+++ Dataset extract

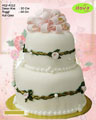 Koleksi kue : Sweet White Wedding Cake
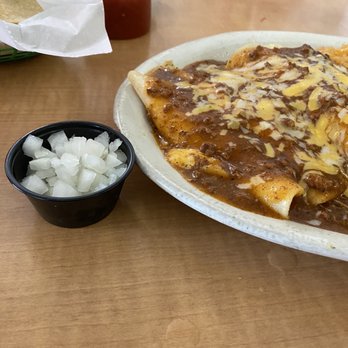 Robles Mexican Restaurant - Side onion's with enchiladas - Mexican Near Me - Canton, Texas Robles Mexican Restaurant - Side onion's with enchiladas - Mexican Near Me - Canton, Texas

++++++
+++ Dataset extract

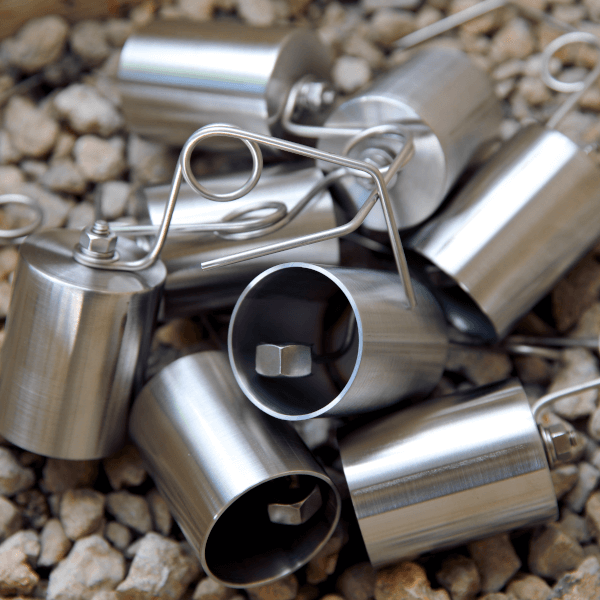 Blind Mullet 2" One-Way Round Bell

++++++

**Task statement**
Exactly as written above, retype the lines starting at the one holding "Koleksi kue : Sweet White Wedding Cake" and ending at the one holding "Canton, Texas Robles", both included, but not the pictures.

**The answer**
 Koleksi kue : Sweet White Wedding Cake
 Robles Mexican Restaurant - Side onion's with enchiladas - Mexican Near Me - Canton, Texas Robles Mexican Restaurant - Side onion's with enchiladas - Mexican Near Me - Canton, Texas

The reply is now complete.